According to the African Development Bank (AfDB) Guinea-Bissau does not have a national competition law and a national competition authority. However, it is a member of the West African Economic and Monetary Union (WAEMU) that adopted antitrust competition legislation in 2002 and has been operative since January 2003. Hence, as the AfDB reports, Guinea-Bissau applies the regional law of WAEMU to national anti-competitive practices. On paper, Guinea-Bissau had a planned economy from independence until the 1980s, characterized by state monopolies. Although these monopolies were largely abolished, some continue de facto to exist, such as the Bissau Port Authority and the Bissau water and electricity supply enterprise. Further, some market segments are dominated by a few entrepreneurs, indicating a partly concentrated market. Chinese influence is on the rise in this regard as Chinese firms monopolize the logging and fishing industries. Currently, Guinea-Bissau is not a member of the International Competition Network (ICN). In general, law enforcement and control capacities are weak in Guinea-Bissau and can be biased. Economic free zones do not exist. Public electricity and water supplies – de facto only in the capital – are subsidized by the state and donors.

Competition policy


Guinea-Bissau has been a member of the World Trade Organization (WTO) since the liberalization of foreign trade on May 31, 1995 and a member of the West African Economic and Monetary Union (WAEMU) since May 2, 1997. Given its dependence on the export of cash crops and foreign aid, Guinea-Bissau’s integration into the world market is limited and one-sided. Chinese logging (quasi-) monopolies can be mentioned in this regard. Formal protectionist measures and limited market access resulting from non-tariff measures do not apply. In principle, both people and goods can travel freely across borders within the ECOWAS zone, of which Guinea-Bissau was a founding member in 1975. However, in practice, cross-border trade was time-consuming and costly, according to the World Bank assessments. Merchants can be exposed to bribe demands at borders. According to the WTO, the simple average of the most favored nation (MFN) status applied was, in total, 12.1% in 2021.

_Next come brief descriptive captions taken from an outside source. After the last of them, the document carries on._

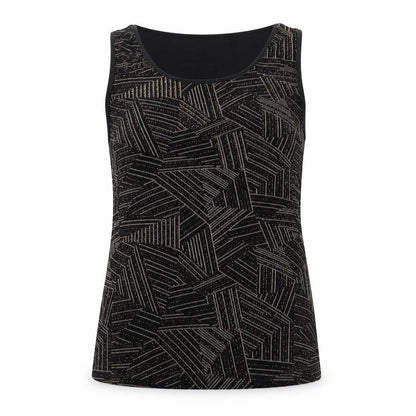Womens UK Size S Roman Black Basic Blouse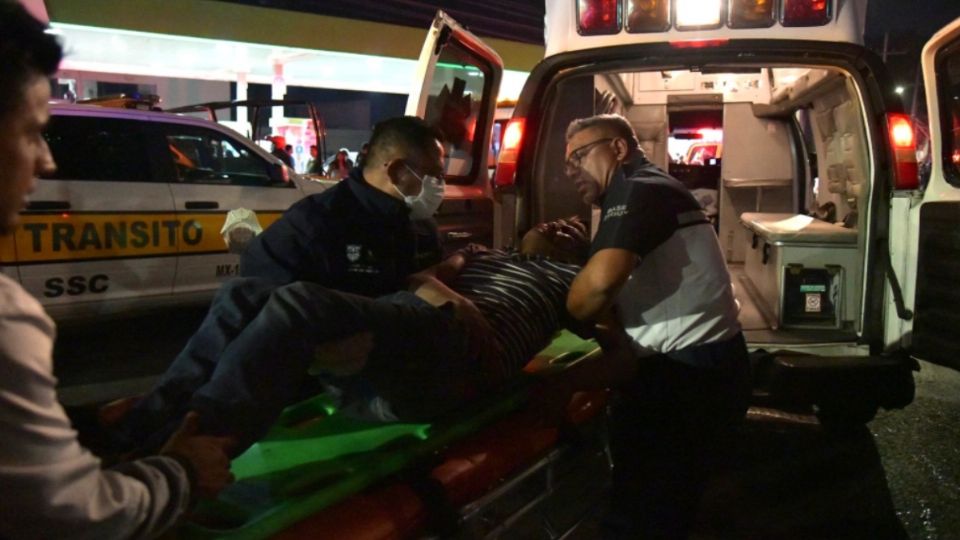 Lista de personas lesionadas en accidente de la Línea 12 del Metro. Foto: Daniel Ojeda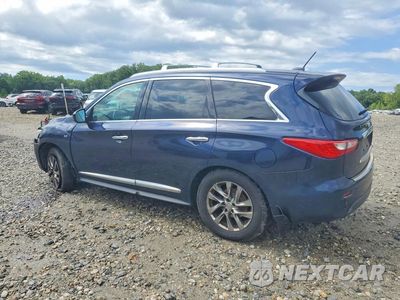Drugie zdjęcie samochodu z przodu: 2015 INFINITI QX60 BASE VIN:5N1AL0MM9FC558506 - miniatura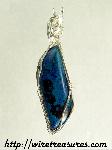 Azurite Pendant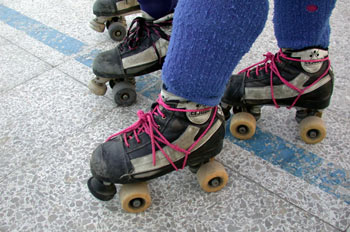 Patinaje sobre ruedas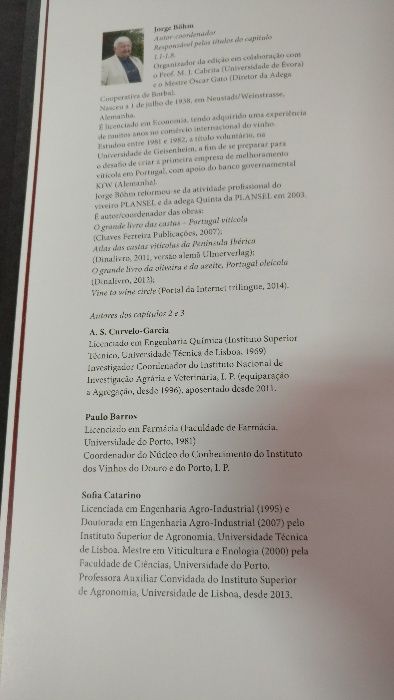 Glossário Ilustrado do Vinho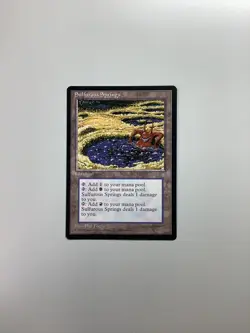 Sulfurous Springs 1995 Ice Age MTG - Image 1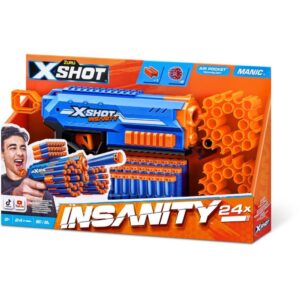 Lancador X-Shot Insanity Manic 24DARDOS - Imagem 3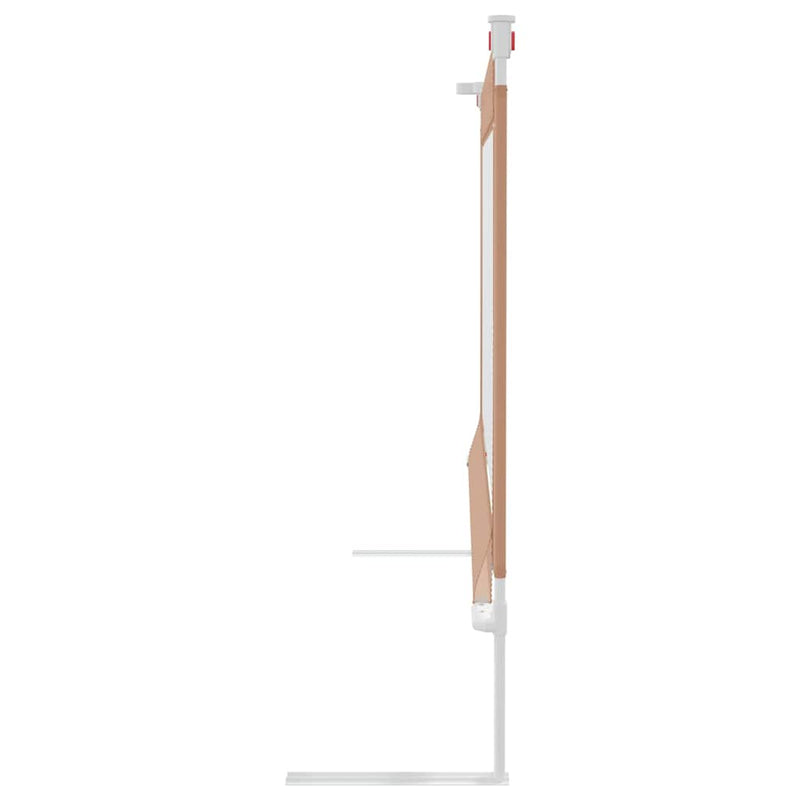vidaXL tópszínű szövet biztonsági leesésgátló 100 x 25 cm
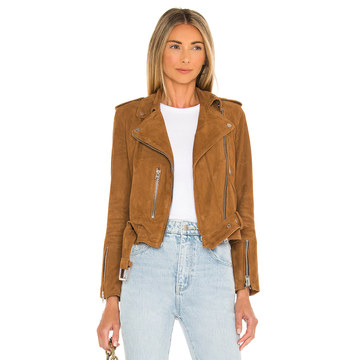 Suede Balfern Biker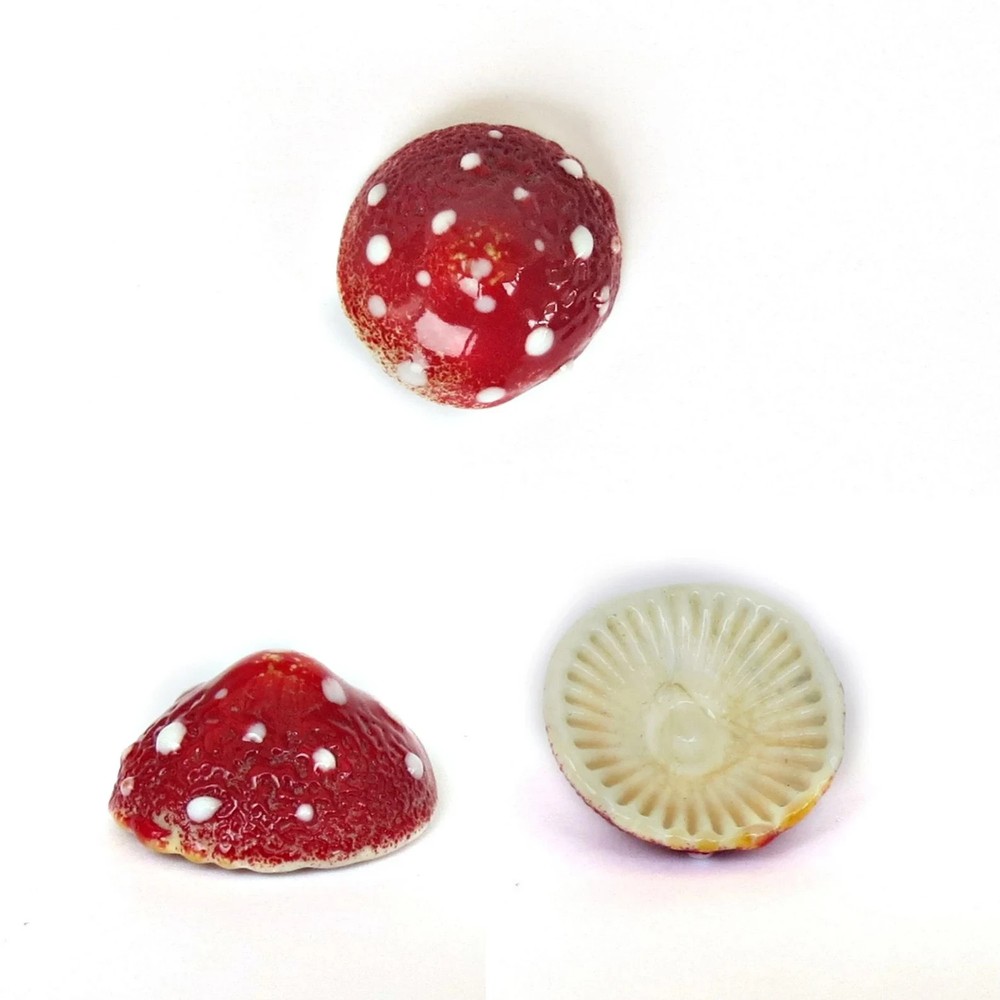 Mushroom Cap Lampwork Mashers - Lampwork Tool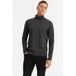 Anytime Grey Melange Turtleneck Sweater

Liberalization of foreign trade


In socialist times, Guinea-Bissau’s banking system was monopolized by the state; it was liberalized in the 1980s. However, only in the 2000s and 2010s have commercial banks become increasingly active in the Bissau-Guinean market. This development has also been prompted by the government’s decision to switch from cash payments to bank transfers, including for salary payments to civil servants. In practice, there appears to be little supervision effected by the state. According to the Heritage Foundation, the financial sector remains underdeveloped and continues to provide a very limited, somewhat costly range of services. Many people rely on informal lending and have no bank accounts, although the number of account holders has increased in recent years and the presence of banks in the interior has greatly improved. Currently, there are several commercial banks present in the country: Banco da África Ocidental (BAO), Banco da União (BDU), Orabank (formerly Banque Régionale de Solidarité), Banque Atlantique Guinée-Bissau, Coris Bank and Ecobank. A great deal of economic activity remains outside the formal banking sector, including, for instance, rotating savings and credit associations, as well as money transfer companies (Western Union, MoneyGram) and informal money transfer services. Thus, both the banking system and capital markets are poorly differentiated. Currently, no data for the ratio of bank non-performing loans and the bank capital to assets ratio are available, according to the World Bank.

Banking system


Monetary and Fiscal Stability

On May 2, 1997, Guinea-Bissau abolished its own currency, the Bissau-Guinean Peso (GWP), in favor of the CFA franc (XOF). The peso had been devalued by high inflation. Since then, the Central Bank of the West African States (BCEAO) serves as the country’s central bank. The exchange rate is pegged to the euro (€1 = XOF 655,957). Since the introduction of the CFA franc, inflation has been generally low. In 2019, the inflation rate was estimated at 0.2%, while the forecast for 2020 was 2%; for 2021 the inflation was expected to be 3.3%, and for 2022 the IWF projected an inflation of about 5% due to increased consumer goods and fuel prices.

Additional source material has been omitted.